可内阁中的这三位大臣,若要说居庙堂内,纸上谈兵还可说有点门道。
若要他们领兵上战场,恐怕还不如刚刚从江南回来的吴两环。
最后看来看去,也就只有诡计多端,行事不计后果的唐辰可堪一用。
若非如此,能保其一生富贵,已算身为皇帝的自己,对他当日辅佐功劳的最大恩赐了。
然,今日看来,唐辰是吃准自己要用他,不会眼睁睁看着他被弹劾下去。
“敢将朕的军,你唐辰可真是胆大包天了。”
洪福帝愤恨地咬了咬牙,眼神斜瞥了魏忠贤一眼,传达出他想要表达的意思,若魏忠贤理解错了,回头打一顿便是,若理解对了,那是他当奴才应该的。
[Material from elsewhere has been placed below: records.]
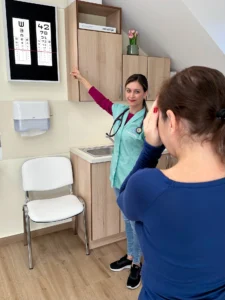 üzemorvosi vizsgálat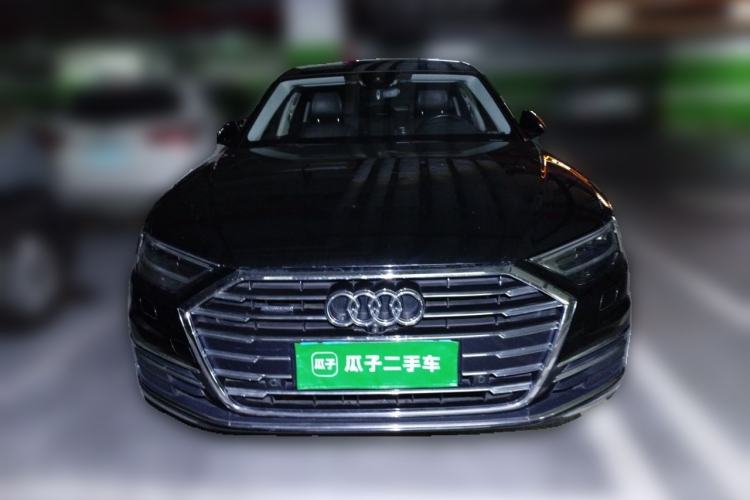 Used Audi A8 2018 A8L 55 TFSI quattro Launch Edition Elite Model Front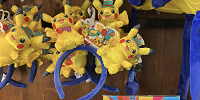 ピカチュウカチューシャ| キャステル | CASTEL ディズニー情報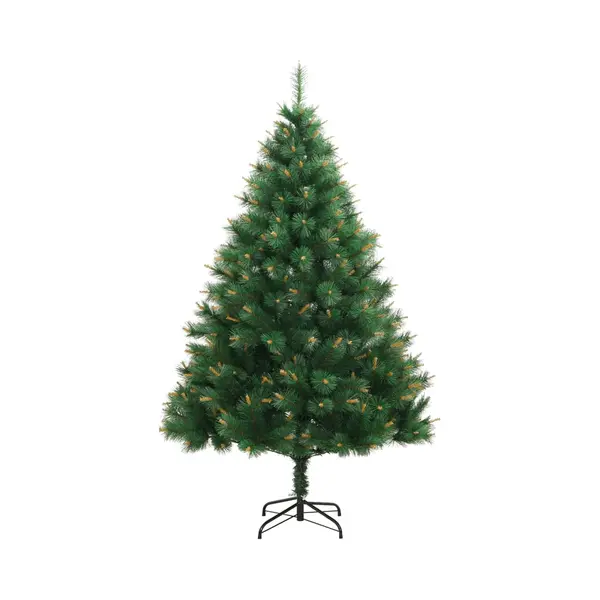 Künstlicher Weihnachtsbaum Klappbar Mit Ständer 150 Cm Vidaxl thumbnail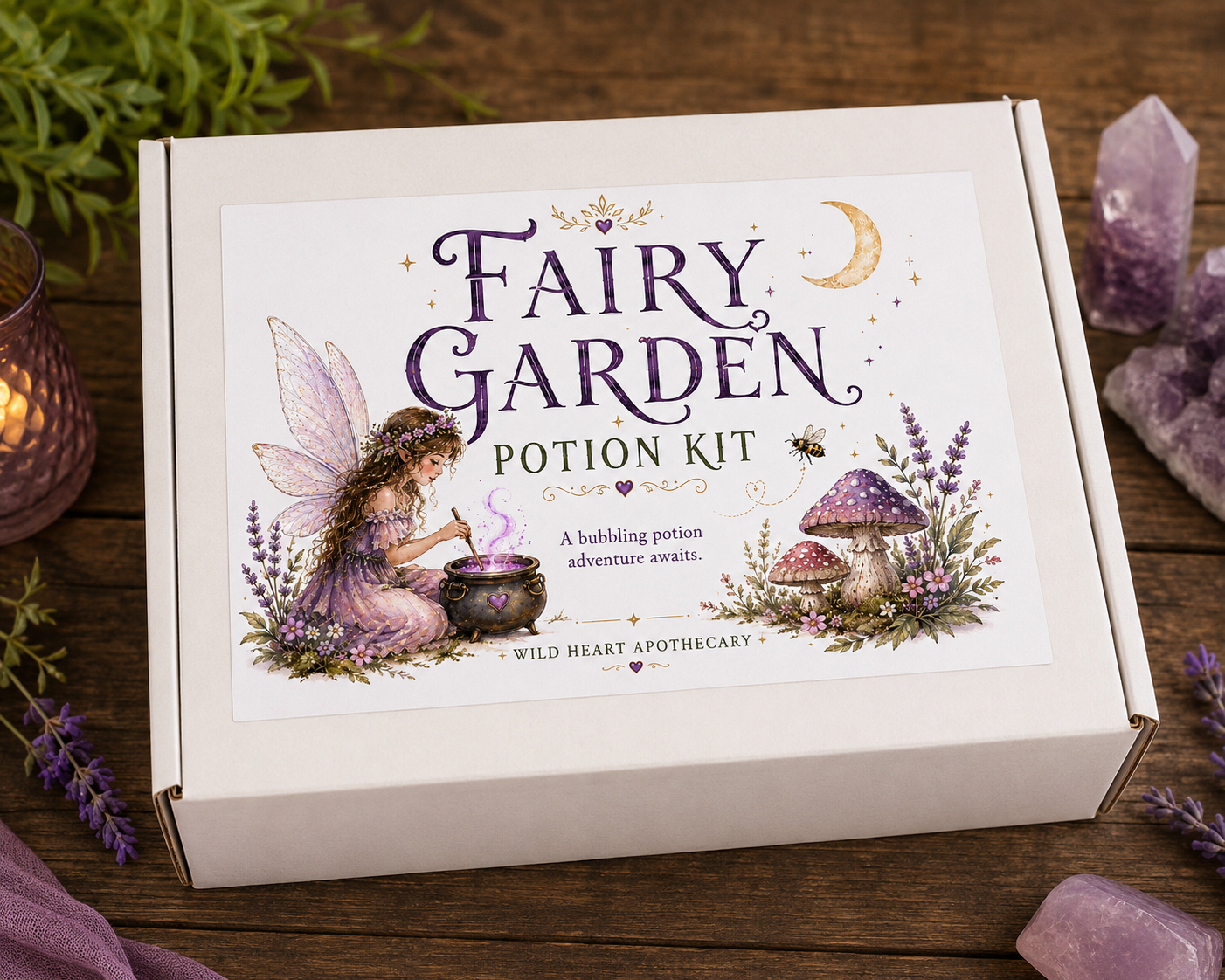 Wild Heart Potion Kit - Children's Potion Sensory Set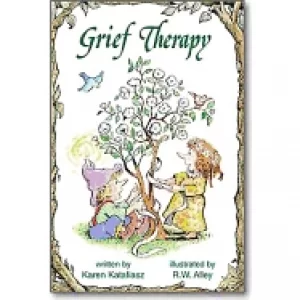 Image of grief therapy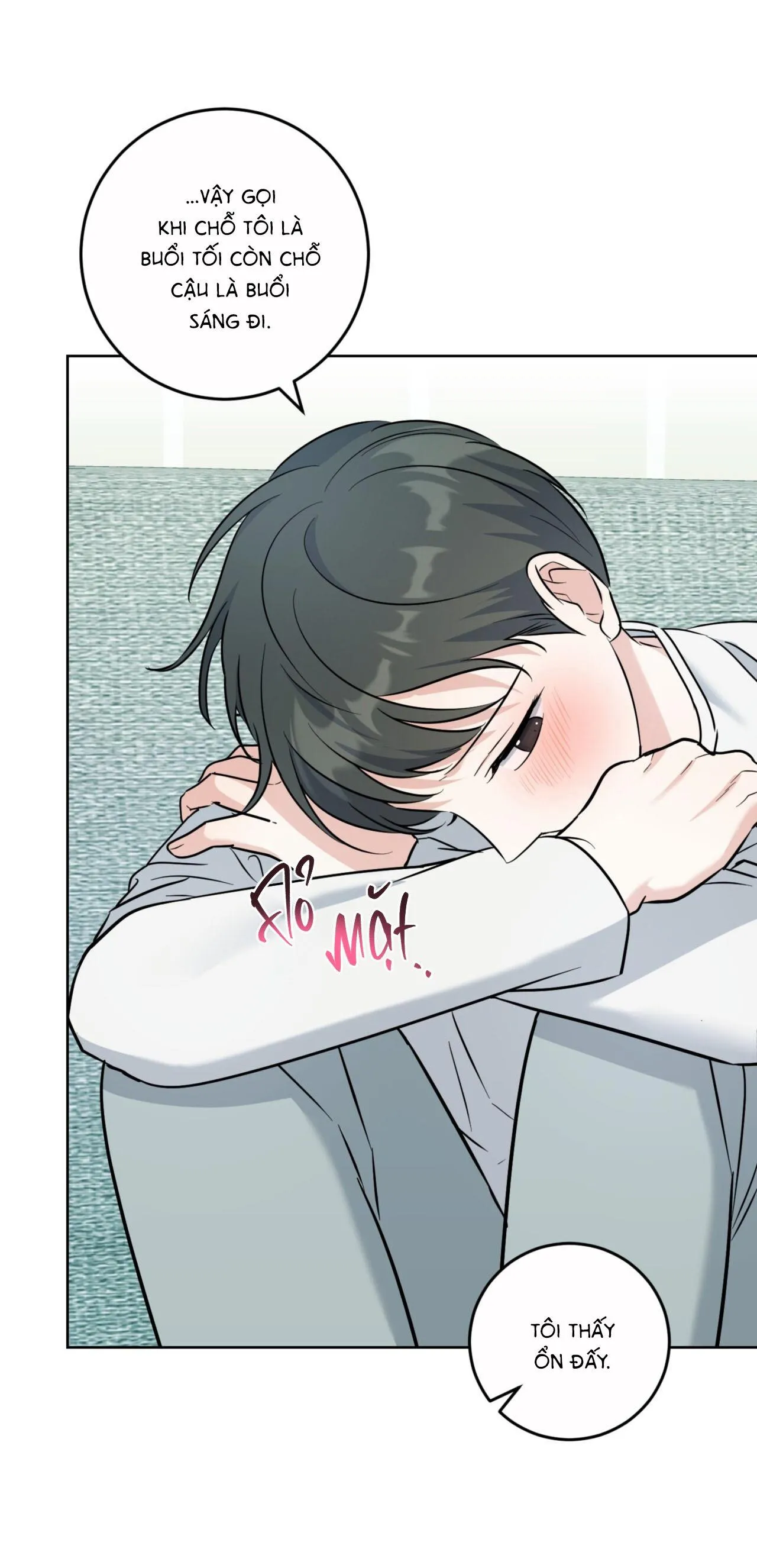 Khu Rừng Tĩnh Lặng Chapter 25 Trang 6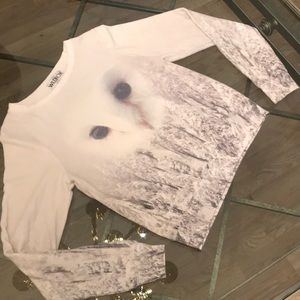 Wildfox Owl Super Soft Sweater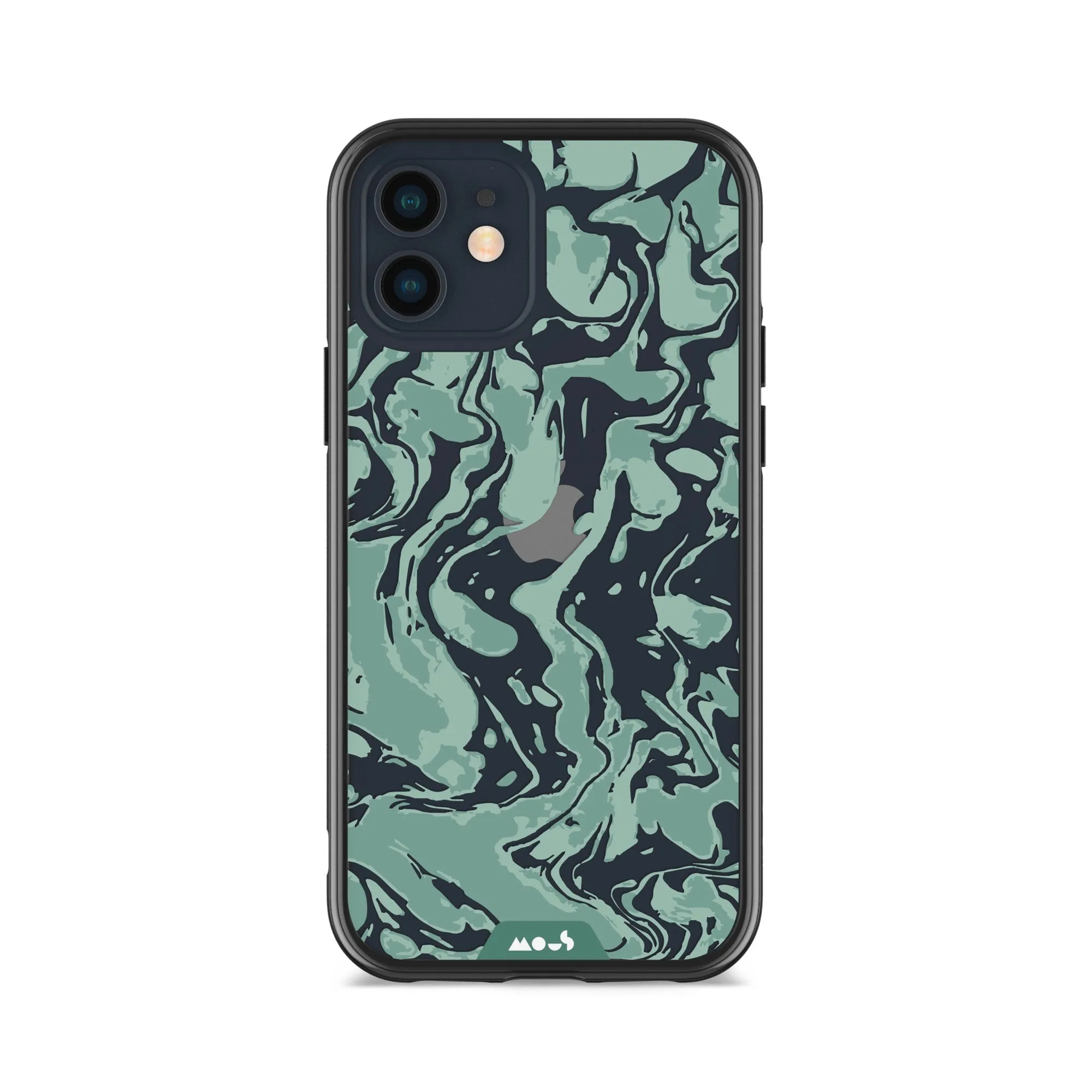 Marbled Sage Green Printed Phone Case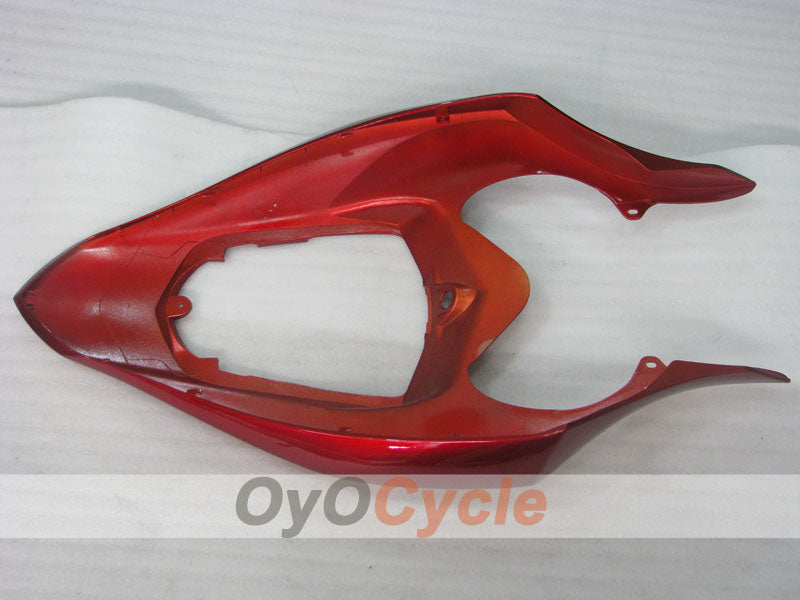 Kit de carenado por inyección para YZF-R1 04-06 - Rojo, Negro, Mate - Estilo de fábrica #OYO87905673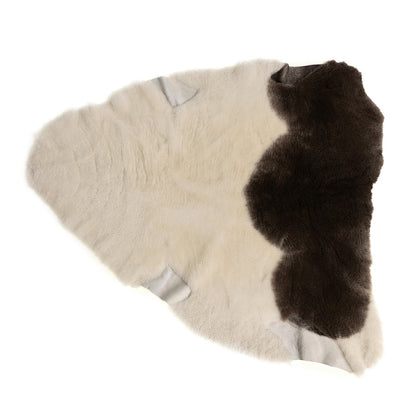 Crossbreed Sheepskin | Natural And Brown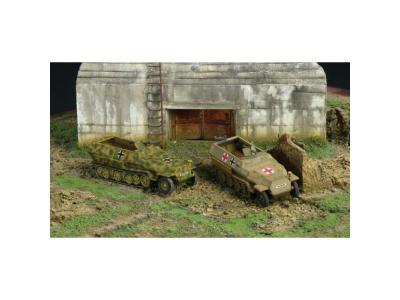 ITALERI Sd.kfz.251/1 Ausf.d (x2)  1/72 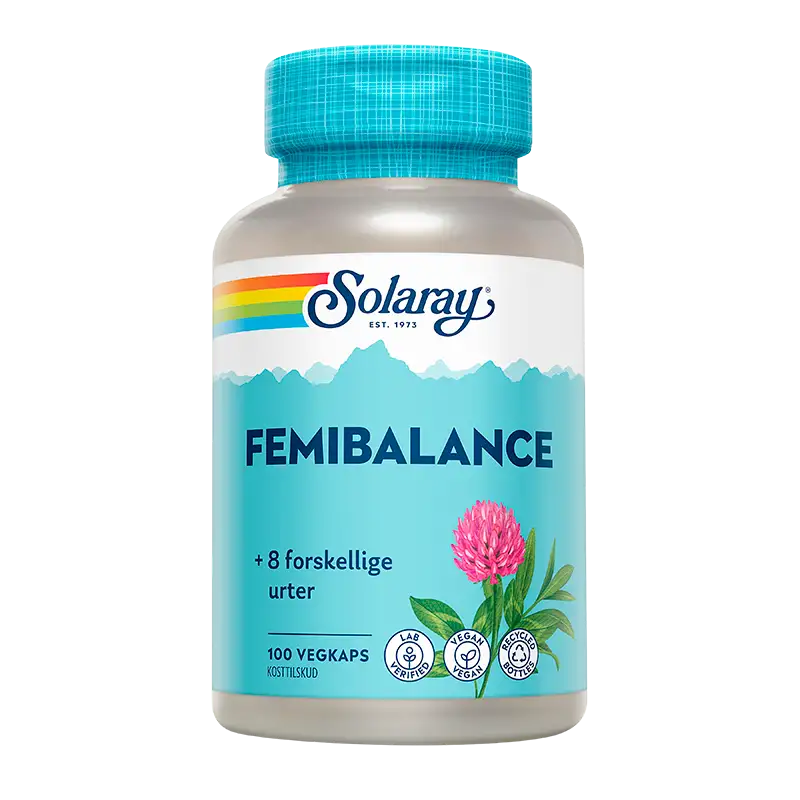 Solaray Femi Balance (100 kapsler)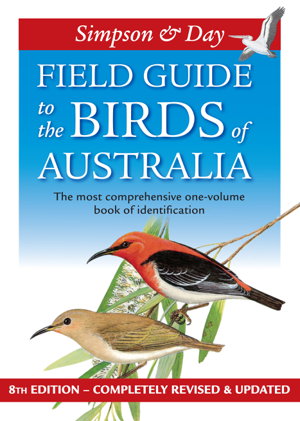 Cover art for Field Guide to the Birds of Australia - 8th Edition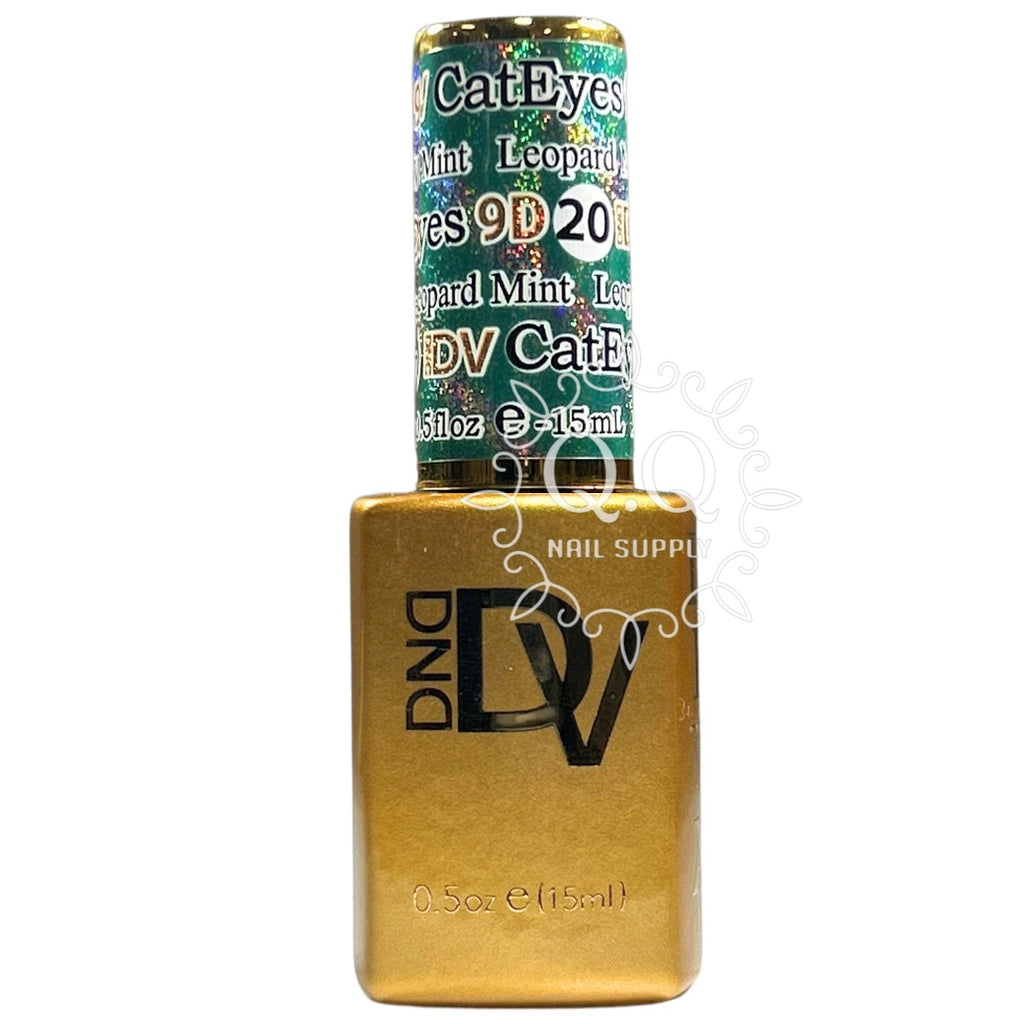 Diva 9D Candy Cat Eye Gel - 20 Leopard Mint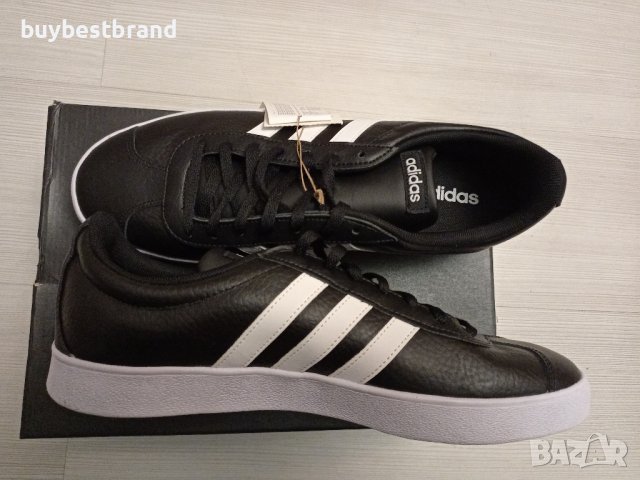 Adidas Court номера 44 2/3 и 46 Оригинални Мъжки Кецове код 1069, снимка 3 - Кецове - 39471621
反正作为皇帝,他是不会亲自下场的,亦如当初父皇换首辅那般,不到最后皇帝只是掌控全局的定海神针。
魏忠贤被洪福帝瞥了一眼,只感觉后脖颈冒出阵阵凉气,他看出皇帝是不想让这场无聊的弹劾继续下去。
什么不侍姑舅,什么忤逆不孝,通通都是狗屁。
先帝赐牒的恩宠摆在那里,这也就是唐辰改姓了唐,若改姓了常,那是妥妥的国姓爷,你看谁敢骂?
便是当面和亲爹陈适梅拔刀,都得赞一句,少年忠勇有佳。
可瞧着满堂群情激奋,魏公公有些胆怯,他不怕被喷一脸唾沫,而是怕这帮文官不讲武德,在自己下场后会君子动手不动口,打他一顿,那可就得不偿失了,但皇帝的差事又不能不办。
魏忠贤为难地向唐辰投去求助的眼神。
可惜此刻唐辰好整以暇地抱着双臂,好像众臣骂的不是他一般,一副置身事外姿态,对于魏公公的求助,可以说完全无视。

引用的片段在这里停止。